▶ MATERIAL PROVIDED:
========================================

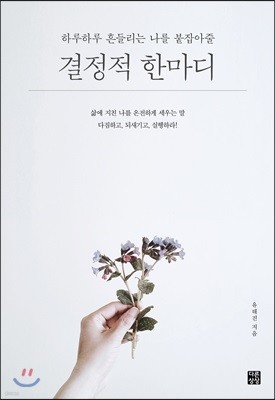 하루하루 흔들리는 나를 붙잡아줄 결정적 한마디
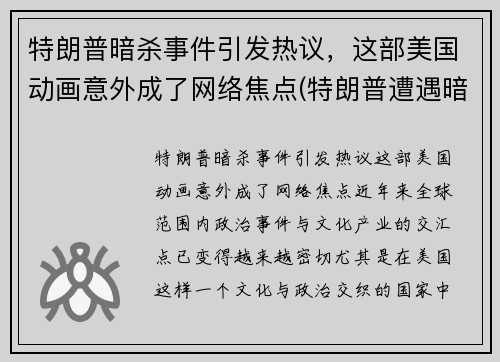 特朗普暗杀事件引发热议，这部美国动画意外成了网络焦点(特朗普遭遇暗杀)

========================================

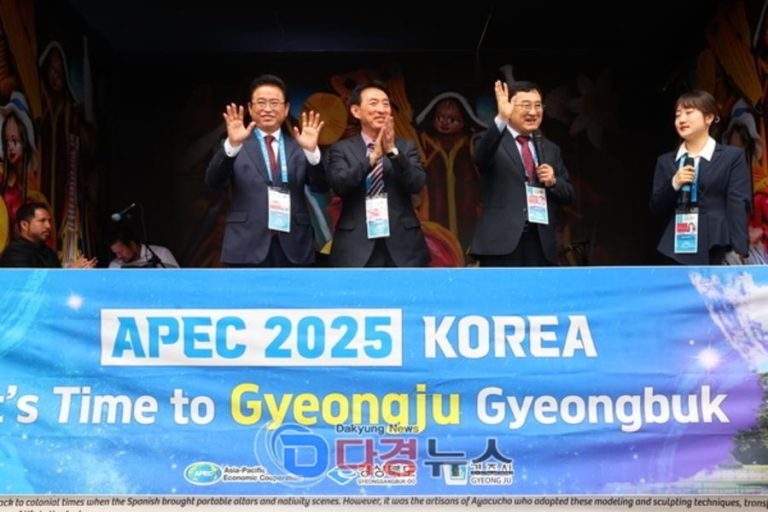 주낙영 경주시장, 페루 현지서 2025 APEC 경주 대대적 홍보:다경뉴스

========================================

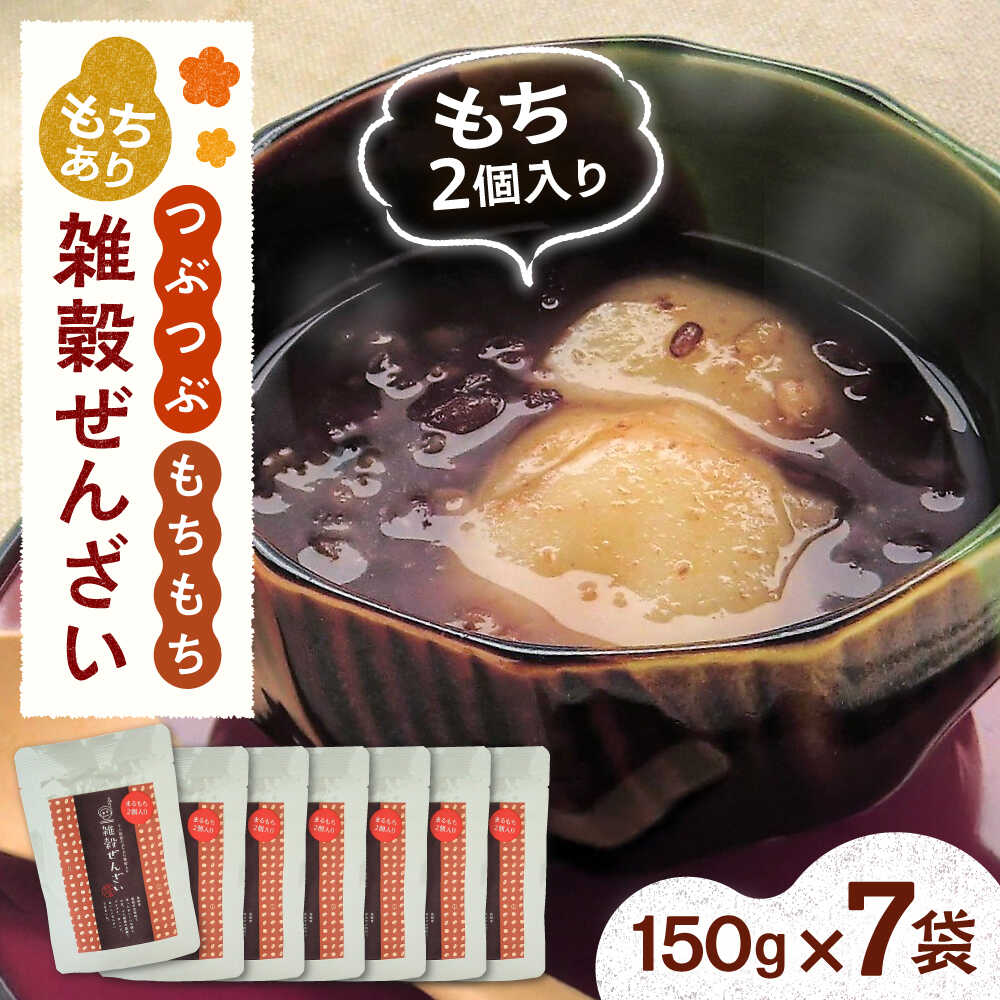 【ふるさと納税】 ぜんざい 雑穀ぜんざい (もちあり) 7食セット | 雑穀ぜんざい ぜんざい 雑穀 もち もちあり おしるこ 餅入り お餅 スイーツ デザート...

========================================

▶ THE TASK: Using the data above, give again exactly the lines starting at the one holding "하루하루 흔들리는 나를 붙잡아줄 결정적 한마디" and ending at the one holding "特朗普暗杀事件引发热议，这部美国动画意外成了网络焦点(特朗普遭遇暗杀)", inclusive, and nothing more. Omit the pictures.

▶ WORKED SOLUTION:
 하루하루 흔들리는 나를 붙잡아줄 결정적 한마디
 特朗普暗杀事件引发热议，这部美国动画意外成了网络焦点(特朗普遭遇暗杀)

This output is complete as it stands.